1.     gedeeltelijk worden vernieuwd of veranderd;

2.     na het teniet gaan ten gevolge van een calamiteit geheel worden vernieuwd of veranderd, mits de aanvraag van de vergunning wordt gedaan binnen twee jaar na de dag waarop het bouwwerk is teniet gegaan.

b    Het bevoegd gezag kan eenmalig in afwijking van het bepaalde onder a een omgevingsvergunning verlenen voor het vergroten van de inhoud van een bouwwerk als bedoeld in het bepaalde onder a met maximaal 10%.
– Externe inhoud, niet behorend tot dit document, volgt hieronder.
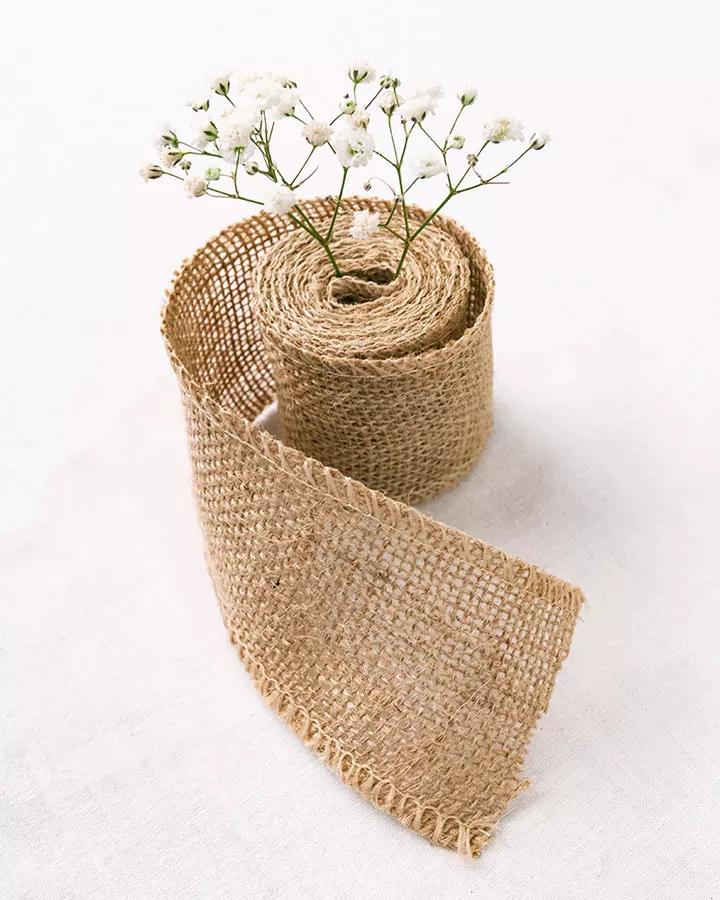 Jutová stuha čistá - š6cm 1/3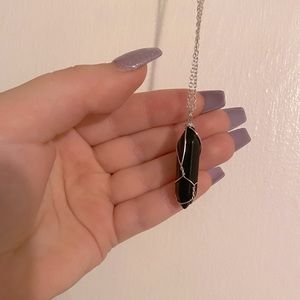 Black crystal necklace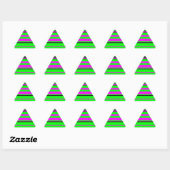 Sticker Triangulaire Motif à rayures couleur noir rose chaud (Feuille)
c    Het bepaalde onder a is niet van toepassing op bouwwerken die weliswaar bestaan op het tijdstip van inwerkingtreding van het plan, maar zijn gebouwd zonder vergunning en in strijd met het daarvoor geldende plan, daaronder begrepen de overgangsbepaling van dat plan.

 

3.2 Overgangsrecht gebruik

a    Het gebruik van grond en bouwwerken dat bestond op het tijdstip van inwerkingtreding van het bestemmingsplan en hiermee in strijd is, mag worden voortgezet.

b    Het is verboden het met het bestemmingsplan strijdige gebruik, bedoeld in het bepaalde onder a, te veranderen of te laten veranderen in een ander met dat plan strijdig gebruik, tenzij door deze verandering de afwijking naar aard en omvang wordt verkleind.

c    Indien het gebruik, bedoeld in het bepaalde onder a, na het tijdstip van inwerkingtreding van het plan voor een periode langer dan een jaar wordt onderbroken, is het verboden dit gebruik daarna te hervatten of te laten hervatten.

d    Het bepaalde onder a is niet van toepassing op het gebruik dat reeds in strijd was met het voorheen geldende bestemmingsplan, daaronder begrepen de overgangsbepalingen van dat plan.

 

Artikel 4 Slotregel

Deze regels worden aangehaald als: regels van het bestemmingsplan “Bedrijventerrein Weststad – Statendam, herziening I (2014)”.